*** PROVIDED ENTRIES ***

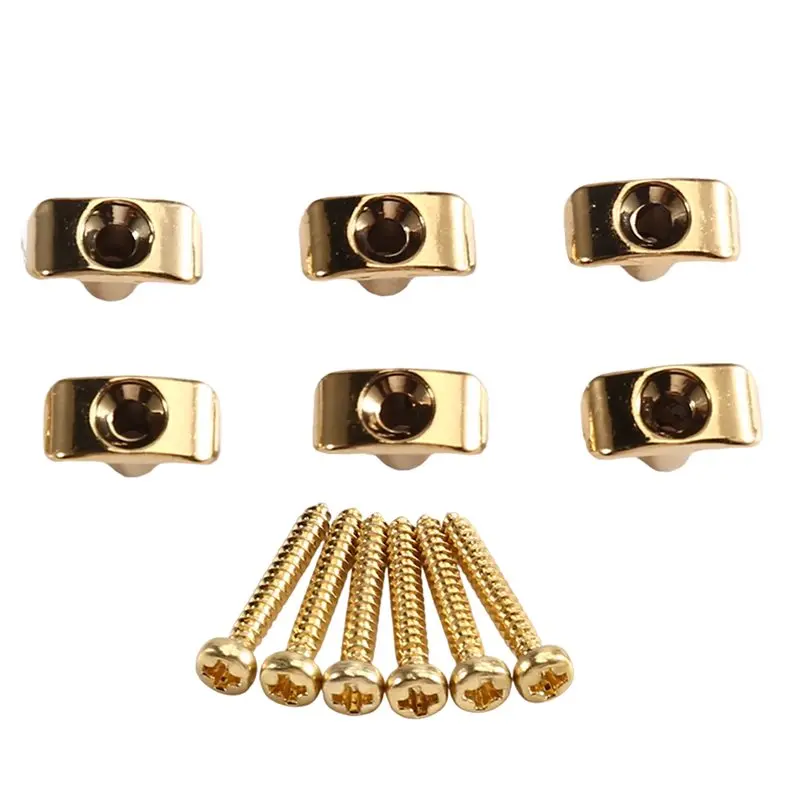 2026 New Guitar Roller String Retainer Set Of 6 String Guide, Replacement Parts For Electric Guitar Accessories Tree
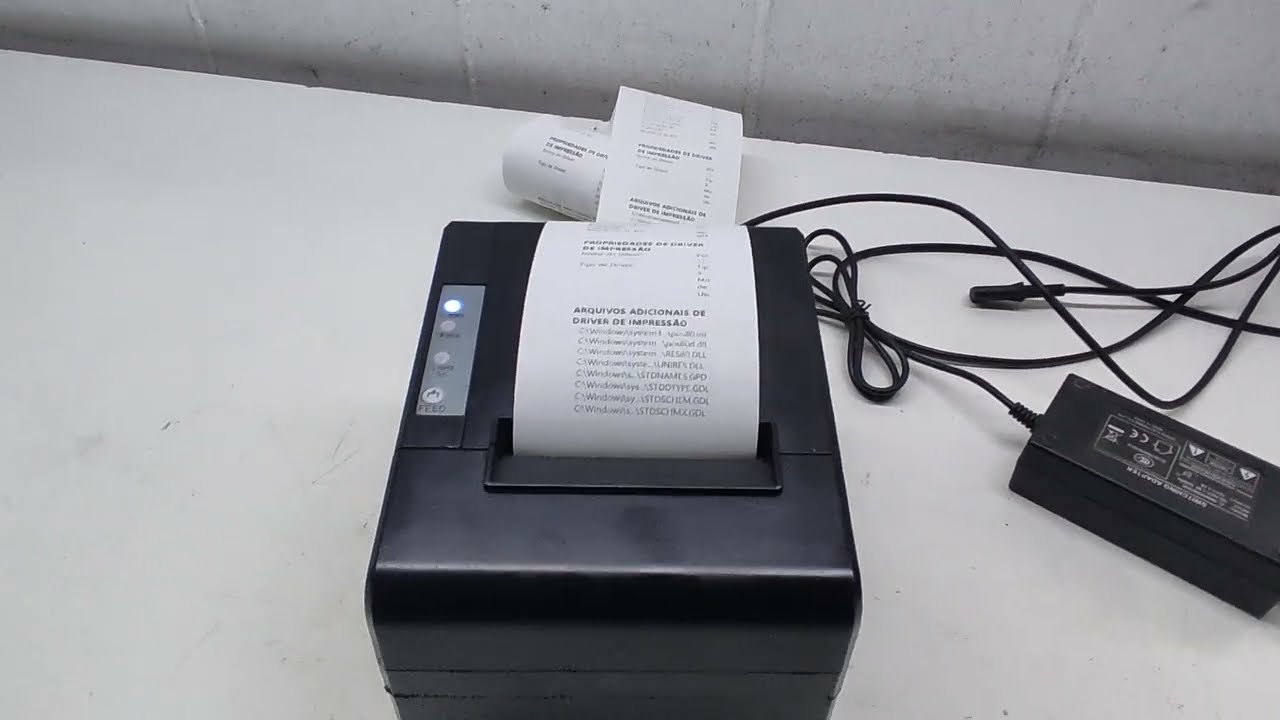 Como fazer a instalação da impressora térmica POS-80 /POS-58 na USB - IMPRESSÃO-CONFIGURAÇÃO.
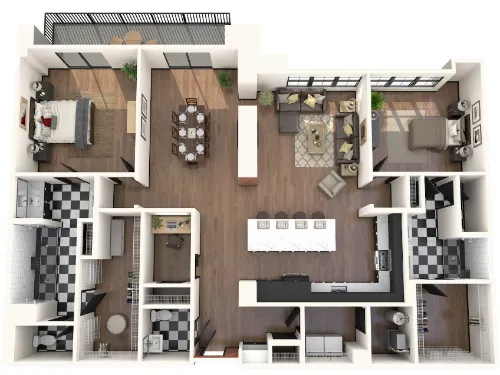 Gables Republic Square floorplan 11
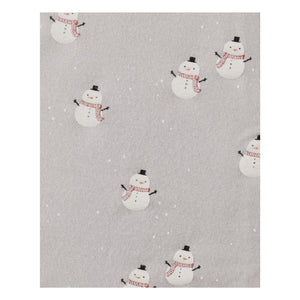 Quincy Mae - Mono con pies y diseño de muñeco de nieve | Gris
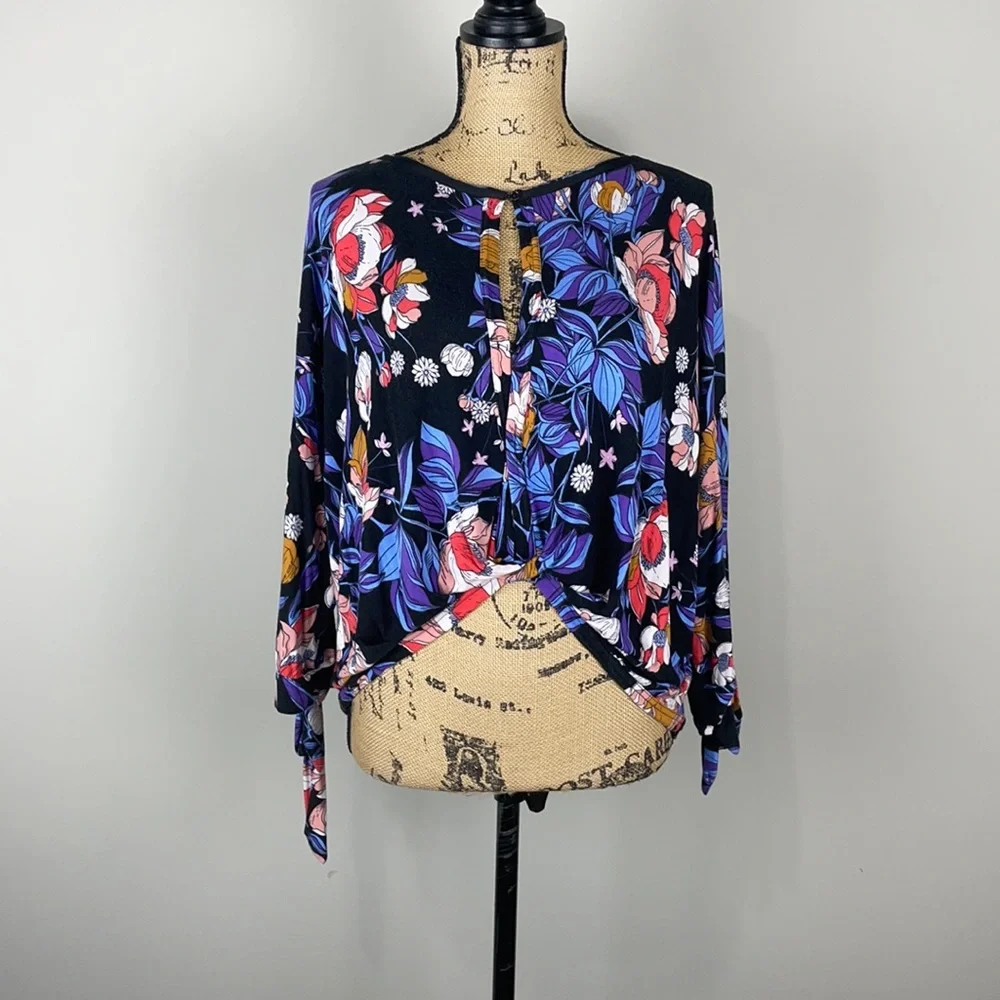 Free People 'Keepin' On' Floral Top xs - Picture 8 of 12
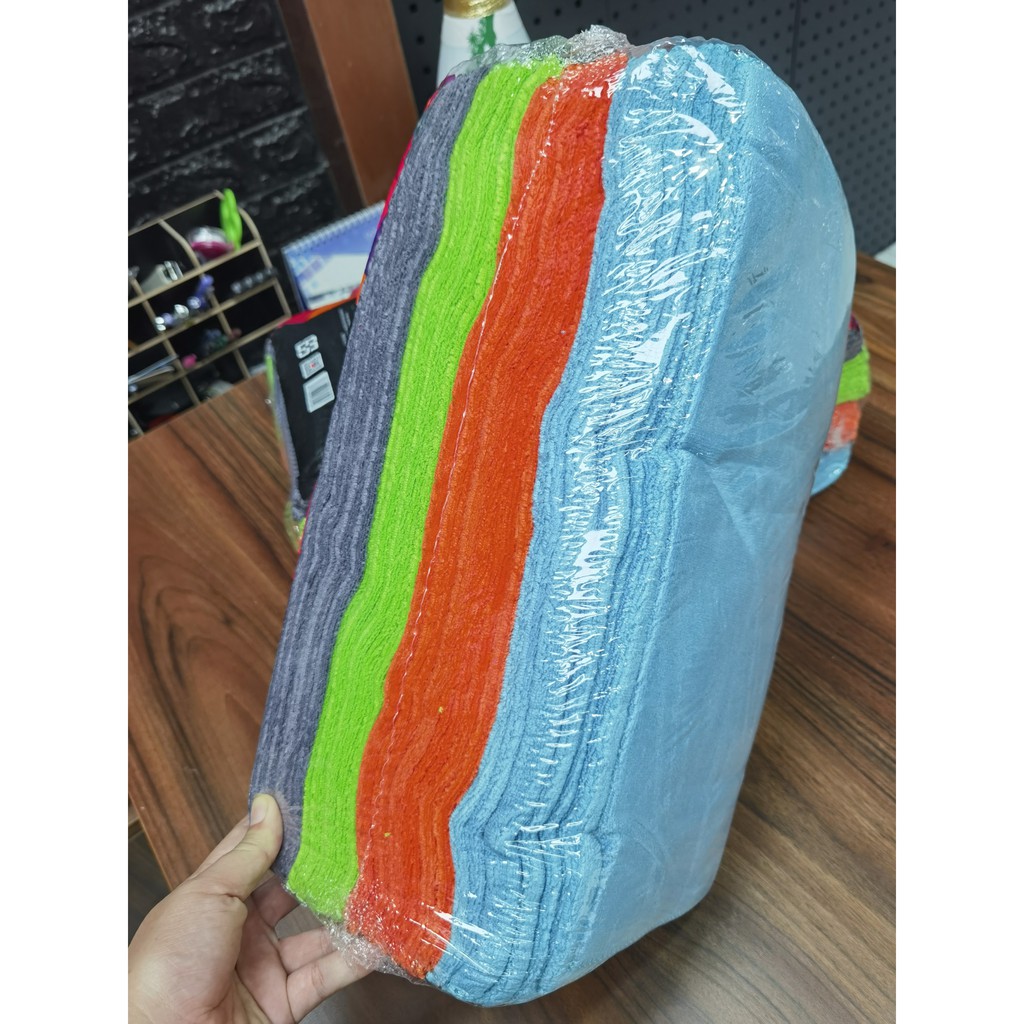 KHĂN LAU WAX SGCB MICROFIBER WAXTOWEL 40X40CM MÀU NGẪU NHIÊN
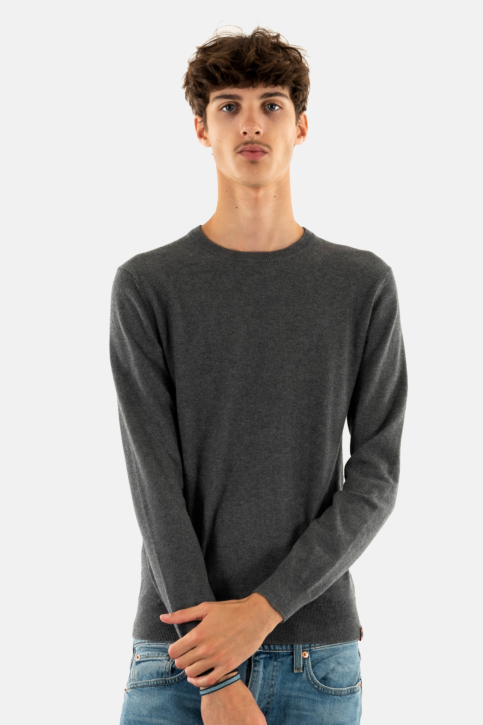 Pull hiver superdry essential xuc gull grey marl main product photo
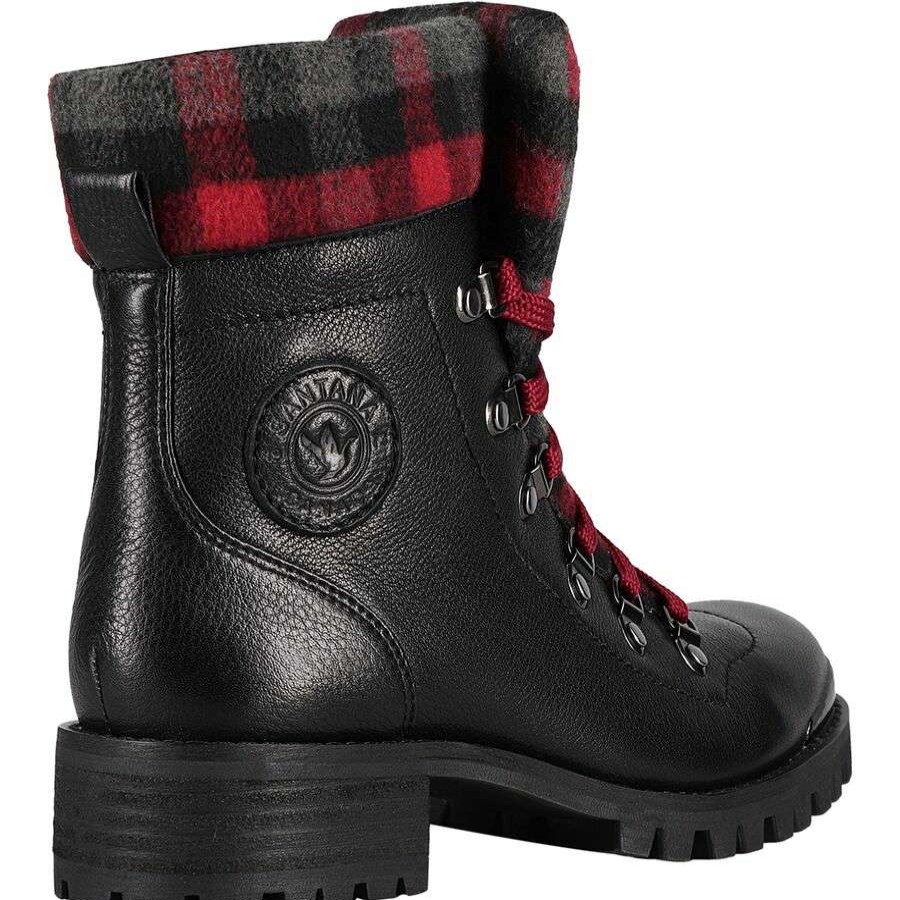 Winter Shoes * | Santana Canada Niko Boot Women'S Online Black/Plaid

***

# TO DO:
The material above must be reproduced line for line, with the images omitted.

# TASK ANSWER:
 2026 New Guitar Roller String Retainer Set Of 6 String Guide, Replacement Parts For Electric Guitar Accessories Tree
 Como fazer a instalação da impressora térmica POS-80 /POS-58 na USB - IMPRESSÃO-CONFIGURAÇÃO.
 Gables Republic Square floorplan 11
 Quincy Mae - Mono con pies y diseño de muñeco de nieve | Gris
 Free People 'Keepin' On' Floral Top xs - Picture 8 of 12
 KHĂN LAU WAX SGCB MICROFIBER WAXTOWEL 40X40CM MÀU NGẪU NHIÊN
 Pull hiver superdry essential xuc gull grey marl main product photo
 Winter Shoes * | Santana Canada Niko Boot Women'S Online Black/Plaid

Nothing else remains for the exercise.